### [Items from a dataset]
Segment Open

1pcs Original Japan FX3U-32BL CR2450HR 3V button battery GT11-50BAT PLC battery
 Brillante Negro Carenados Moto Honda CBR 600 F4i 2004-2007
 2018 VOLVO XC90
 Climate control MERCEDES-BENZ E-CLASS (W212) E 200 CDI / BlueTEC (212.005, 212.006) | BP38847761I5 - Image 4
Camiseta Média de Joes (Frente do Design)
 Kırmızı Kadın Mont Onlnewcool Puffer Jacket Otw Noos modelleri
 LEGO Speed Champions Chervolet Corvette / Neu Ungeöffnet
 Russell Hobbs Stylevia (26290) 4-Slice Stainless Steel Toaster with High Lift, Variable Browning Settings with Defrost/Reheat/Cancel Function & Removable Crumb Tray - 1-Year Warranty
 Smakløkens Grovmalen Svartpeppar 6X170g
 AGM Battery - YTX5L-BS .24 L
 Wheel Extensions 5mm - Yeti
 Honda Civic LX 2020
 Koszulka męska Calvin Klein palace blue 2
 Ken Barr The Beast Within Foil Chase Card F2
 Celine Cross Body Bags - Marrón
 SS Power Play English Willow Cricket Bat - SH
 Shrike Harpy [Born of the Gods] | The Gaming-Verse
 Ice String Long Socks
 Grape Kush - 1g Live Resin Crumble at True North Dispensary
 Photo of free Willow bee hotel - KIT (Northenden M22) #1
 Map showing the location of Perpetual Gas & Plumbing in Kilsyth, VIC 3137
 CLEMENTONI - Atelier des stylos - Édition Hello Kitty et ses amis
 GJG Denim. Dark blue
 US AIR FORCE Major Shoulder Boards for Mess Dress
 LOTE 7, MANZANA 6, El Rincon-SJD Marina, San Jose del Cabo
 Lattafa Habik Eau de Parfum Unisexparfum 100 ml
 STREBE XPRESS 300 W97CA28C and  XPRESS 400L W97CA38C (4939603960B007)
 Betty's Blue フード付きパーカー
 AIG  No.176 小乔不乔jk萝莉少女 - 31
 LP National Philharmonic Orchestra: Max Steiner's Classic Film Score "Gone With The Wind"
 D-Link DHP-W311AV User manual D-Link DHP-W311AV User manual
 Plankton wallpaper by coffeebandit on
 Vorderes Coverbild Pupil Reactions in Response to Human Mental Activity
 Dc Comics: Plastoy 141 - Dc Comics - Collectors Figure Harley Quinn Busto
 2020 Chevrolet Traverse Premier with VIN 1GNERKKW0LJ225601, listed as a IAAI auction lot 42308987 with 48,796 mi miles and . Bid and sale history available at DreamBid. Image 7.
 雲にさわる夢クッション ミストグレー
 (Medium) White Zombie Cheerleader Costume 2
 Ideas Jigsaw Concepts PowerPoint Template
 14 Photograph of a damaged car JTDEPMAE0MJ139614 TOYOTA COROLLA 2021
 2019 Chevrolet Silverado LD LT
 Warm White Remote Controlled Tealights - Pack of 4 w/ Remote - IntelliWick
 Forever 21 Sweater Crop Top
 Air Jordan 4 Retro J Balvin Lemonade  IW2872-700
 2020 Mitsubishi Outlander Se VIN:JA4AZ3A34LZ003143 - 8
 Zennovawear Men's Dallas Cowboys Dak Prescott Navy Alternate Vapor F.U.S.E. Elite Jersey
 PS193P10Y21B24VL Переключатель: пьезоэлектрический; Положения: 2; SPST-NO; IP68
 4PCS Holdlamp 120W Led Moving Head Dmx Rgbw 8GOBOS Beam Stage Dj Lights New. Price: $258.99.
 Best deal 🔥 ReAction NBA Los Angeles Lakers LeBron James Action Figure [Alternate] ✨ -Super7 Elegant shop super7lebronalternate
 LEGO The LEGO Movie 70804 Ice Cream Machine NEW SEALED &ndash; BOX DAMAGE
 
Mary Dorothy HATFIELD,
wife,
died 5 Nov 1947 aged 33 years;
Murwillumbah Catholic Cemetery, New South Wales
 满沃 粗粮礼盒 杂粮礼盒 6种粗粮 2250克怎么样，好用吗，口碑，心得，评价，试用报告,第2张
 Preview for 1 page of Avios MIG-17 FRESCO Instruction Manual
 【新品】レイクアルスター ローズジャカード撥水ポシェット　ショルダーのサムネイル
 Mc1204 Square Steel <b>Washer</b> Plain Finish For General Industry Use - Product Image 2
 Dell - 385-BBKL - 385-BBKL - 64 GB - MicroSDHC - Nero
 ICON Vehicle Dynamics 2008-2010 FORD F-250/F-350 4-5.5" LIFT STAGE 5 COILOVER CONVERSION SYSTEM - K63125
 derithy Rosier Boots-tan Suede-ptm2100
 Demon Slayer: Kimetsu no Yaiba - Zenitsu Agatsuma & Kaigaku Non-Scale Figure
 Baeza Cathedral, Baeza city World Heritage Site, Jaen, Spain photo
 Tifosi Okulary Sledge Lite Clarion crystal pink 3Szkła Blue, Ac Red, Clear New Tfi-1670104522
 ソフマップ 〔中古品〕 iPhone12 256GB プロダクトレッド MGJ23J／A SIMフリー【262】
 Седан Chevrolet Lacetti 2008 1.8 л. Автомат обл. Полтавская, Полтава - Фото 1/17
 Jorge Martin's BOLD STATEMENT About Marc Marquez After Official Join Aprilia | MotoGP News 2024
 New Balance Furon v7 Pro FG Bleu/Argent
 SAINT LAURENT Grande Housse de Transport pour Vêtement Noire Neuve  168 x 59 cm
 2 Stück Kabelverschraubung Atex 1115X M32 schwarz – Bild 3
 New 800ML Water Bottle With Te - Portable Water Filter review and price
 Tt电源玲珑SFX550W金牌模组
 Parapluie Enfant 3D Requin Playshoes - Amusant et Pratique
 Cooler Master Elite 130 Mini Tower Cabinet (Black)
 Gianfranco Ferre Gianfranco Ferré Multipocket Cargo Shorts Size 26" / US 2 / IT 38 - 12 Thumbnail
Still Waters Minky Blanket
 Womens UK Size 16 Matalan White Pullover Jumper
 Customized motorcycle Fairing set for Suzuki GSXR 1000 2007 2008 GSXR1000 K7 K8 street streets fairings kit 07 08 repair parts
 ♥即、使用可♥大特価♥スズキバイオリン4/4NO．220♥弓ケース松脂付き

Segment Closed

### [Work to be completed]
Exactly as they stand in the records above, print the lines from the one containing "SAINT LAURENT Grande" through the final line, inclusive.

### [Solution for this problem]
 SAINT LAURENT Grande Housse de Transport pour Vêtement Noire Neuve  168 x 59 cm
 2 Stück Kabelverschraubung Atex 1115X M32 schwarz – Bild 3
 New 800ML Water Bottle With Te - Portable Water Filter review and price
 Tt电源玲珑SFX550W金牌模组
 Parapluie Enfant 3D Requin Playshoes - Amusant et Pratique
 Cooler Master Elite 130 Mini Tower Cabinet (Black)
 Gianfranco Ferre Gianfranco Ferré Multipocket Cargo Shorts Size 26" / US 2 / IT 38 - 12 Thumbnail
Still Waters Minky Blanket
 Womens UK Size 16 Matalan White Pullover Jumper
 Customized motorcycle Fairing set for Suzuki GSXR 1000 2007 2008 GSXR1000 K7 K8 street streets fairings kit 07 08 repair parts
 ♥即、使用可♥大特価♥スズキバイオリン4/4NO．220♥弓ケース松脂付き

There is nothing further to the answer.